● **Problem**: Write out again the lines from the line with "5263 Pine Slope Drive SW Wyoming, MI 49519" up to and including the line with "43124 PROVIDENCE Lane, Canton, MI", exactly as they stand below, and skip any picture.

● **Excerpted records**:
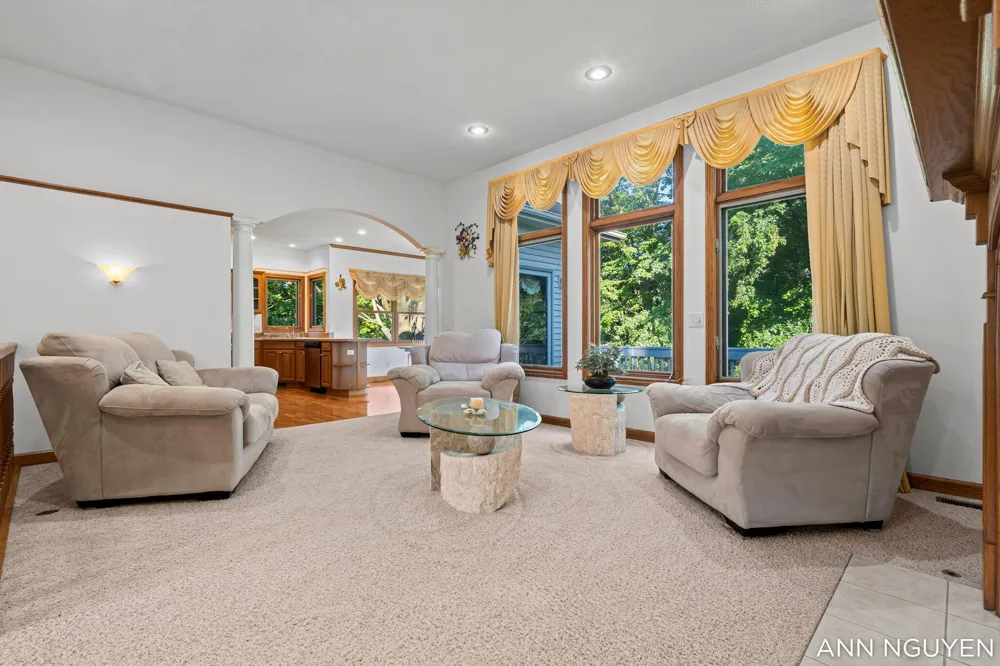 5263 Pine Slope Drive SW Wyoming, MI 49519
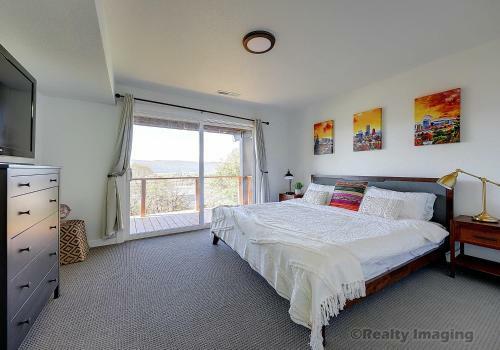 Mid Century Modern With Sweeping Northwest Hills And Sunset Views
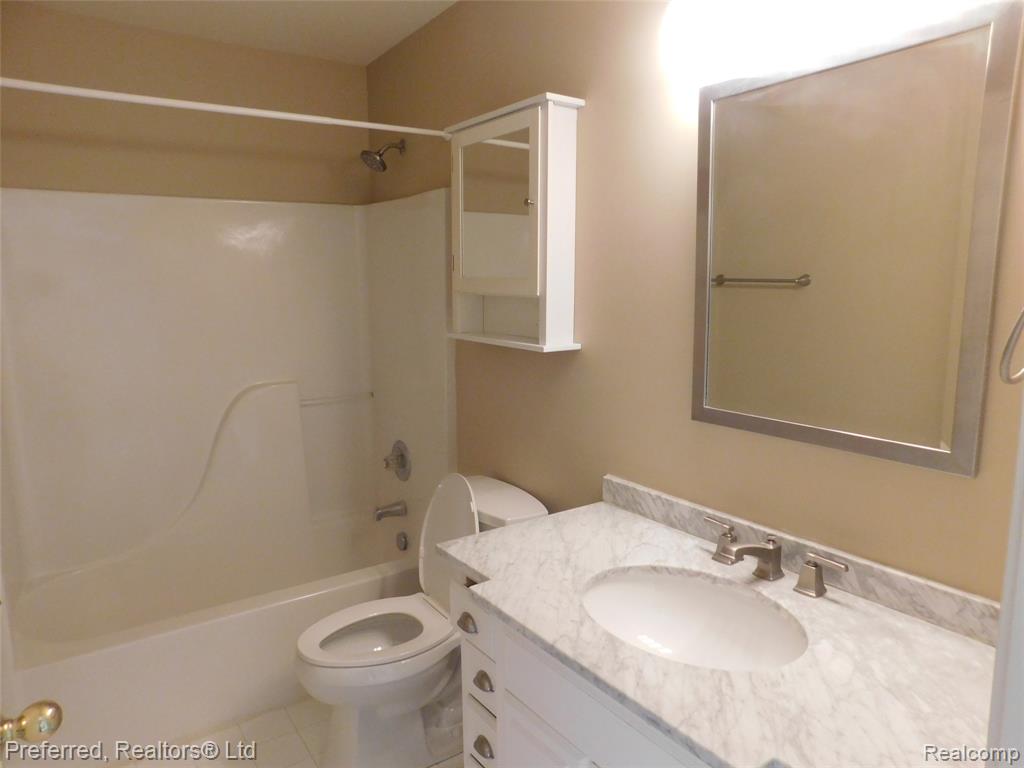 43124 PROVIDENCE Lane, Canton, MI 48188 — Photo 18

==

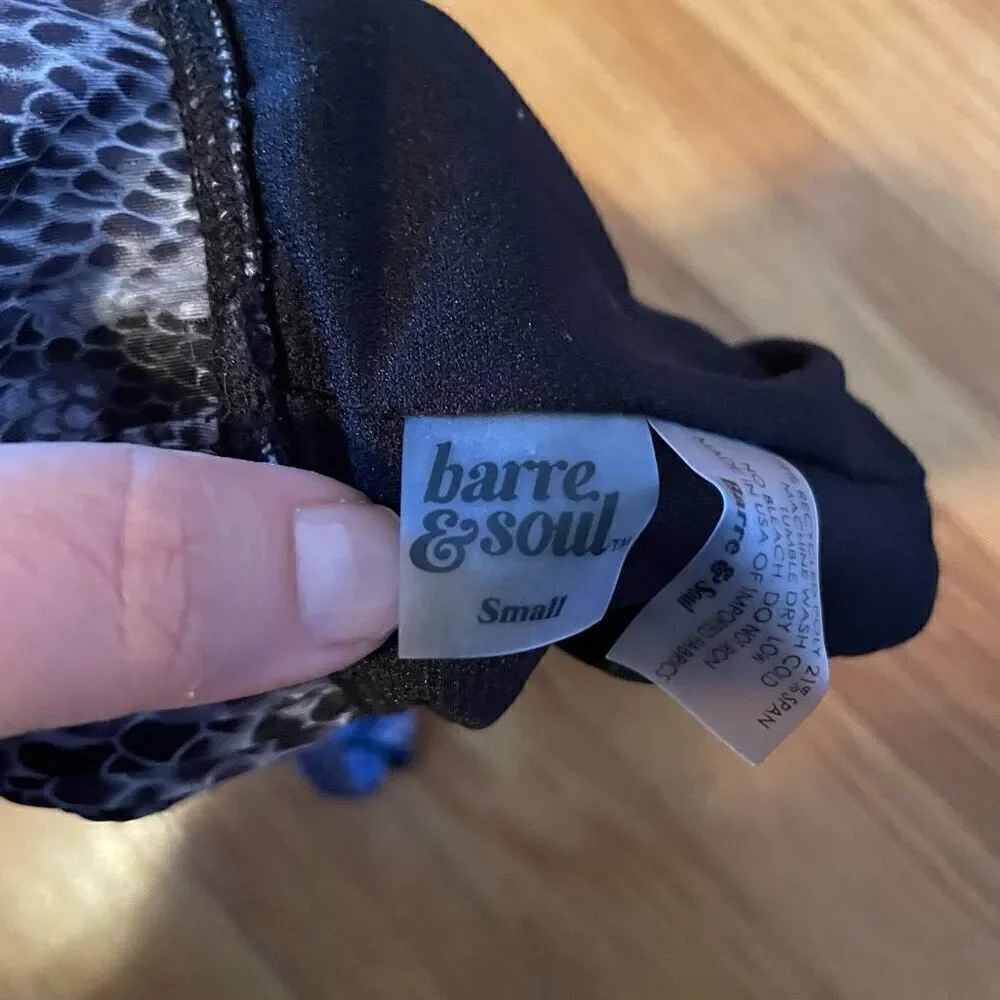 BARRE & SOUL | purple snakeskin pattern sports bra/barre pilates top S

● **Answer box**:
 5263 Pine Slope Drive SW Wyoming, MI 49519
 Mid Century Modern With Sweeping Northwest Hills And Sunset Views
 43124 PROVIDENCE Lane, Canton, MI 48188 — Photo 18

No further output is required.